El resplandor se fortalecía por San Agustín y, como si el
paréntesis no hubiese existido, las Angustias volvía a salir de su sede natural
como si el tiempo volviese atrás y van quedando los días como una cuenta
cadenciosa que los ve pasar entre la emoción y el apego aferrado a cada
segundo.
Una luz y sus sombras han caminado por este día en que las
tallas emblemáticas y devocionales todo lo pueden, aunque en la retina de este
cronista queden retrasos a la entrada de la carrera oficial, la auténtica,
porque de la Catedral no se habla en el idioma del Jueves Santo; túnicas que
nos retrotraen en el tiempo y en el gusto; giros musicales que nunca debieron
justificarse; estéticas atrasadas; nazarenos de corta estatura o edad; la
ausencia de silencio entre los espectadores… En fin, todo entra y todo sale.
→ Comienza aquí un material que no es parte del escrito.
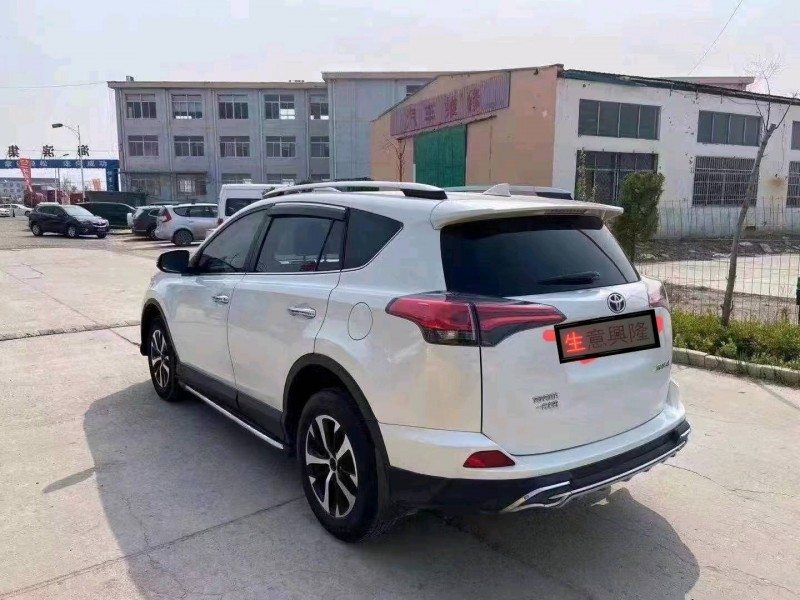 佛山18年豐田RAV44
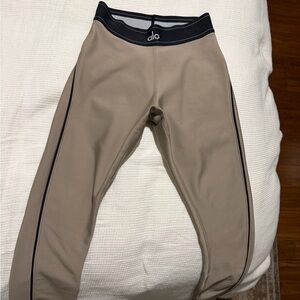 ALO Yoga Beige Leggings with Black Accents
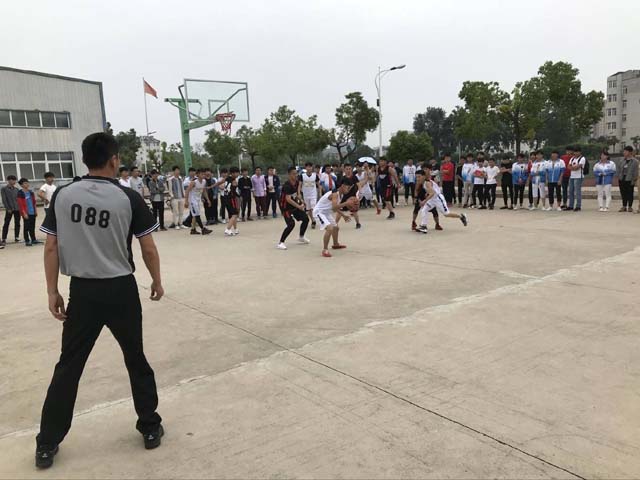 新安中學(xué)2018年春季高二年級男子籃球聯(lián)賽決賽 (7).jpg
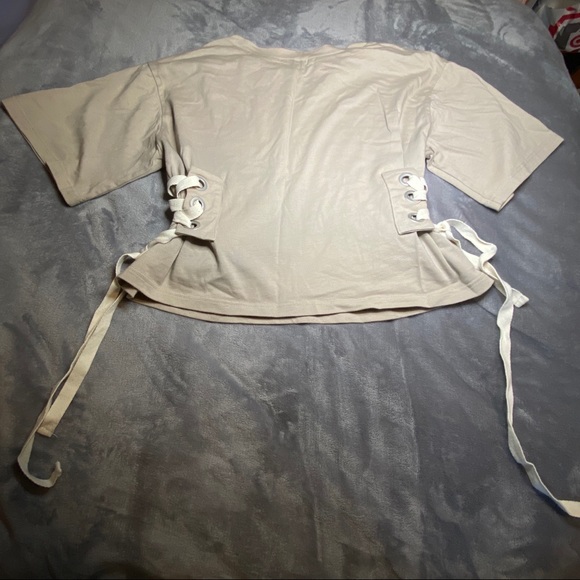 Lace up drop shoulder tee - Picture 5 of 6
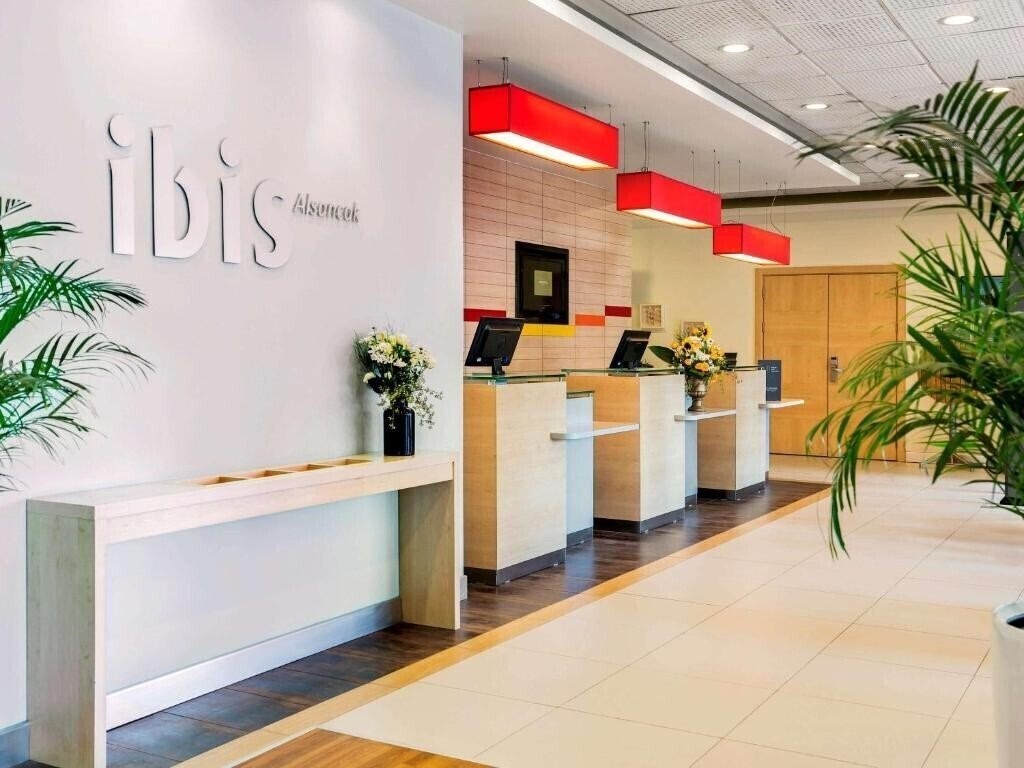 Фото Ibis Izmir Alsancak 4*
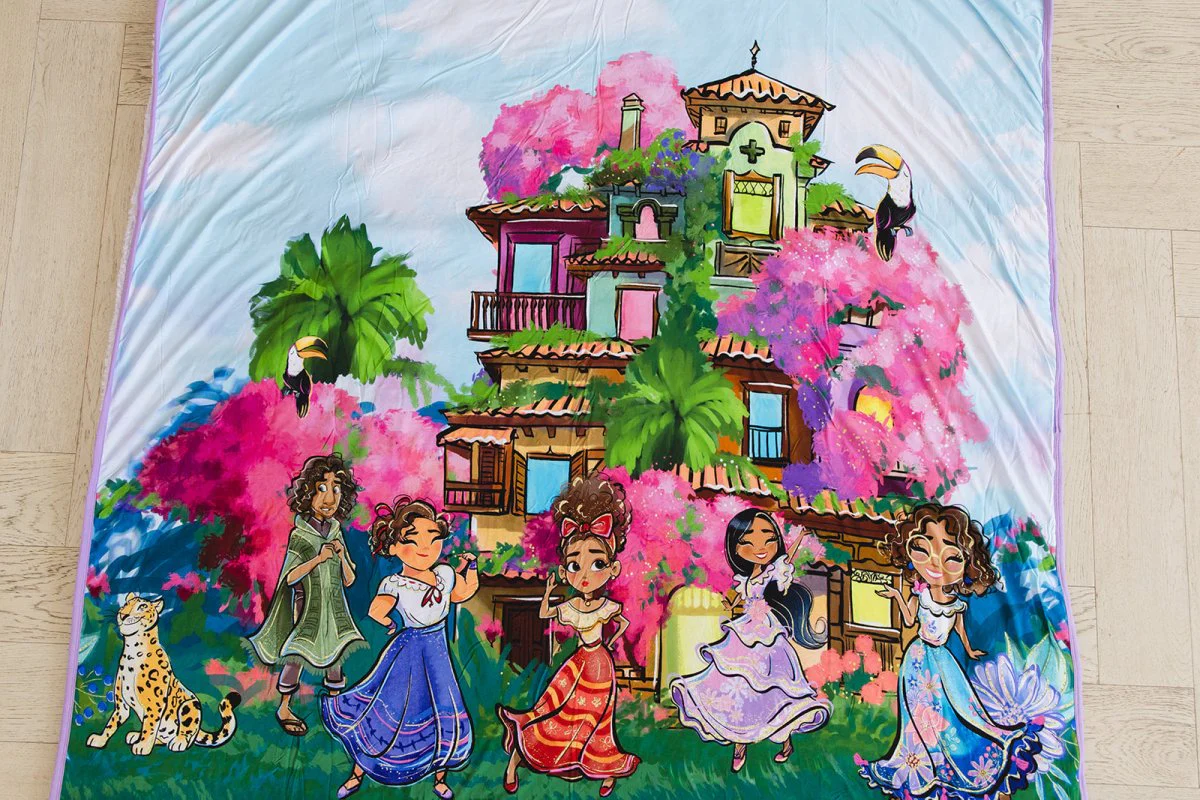 Casita Plush Blanket - Image 4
Sin embargo, el Viernes Santo nos ha alcanzado y, antes de
que todo concluya, la Buena Muerte esperaba a este cronista. La hermandad que
calla al silencio, en la que se escucha el racheo incesante de los pies que
brotan del piso y se deslizan a su través, en la que el sonido del fleco de
bellota de su Reina me recuerda a Guillermo y a Joaquín. Todo está acabando.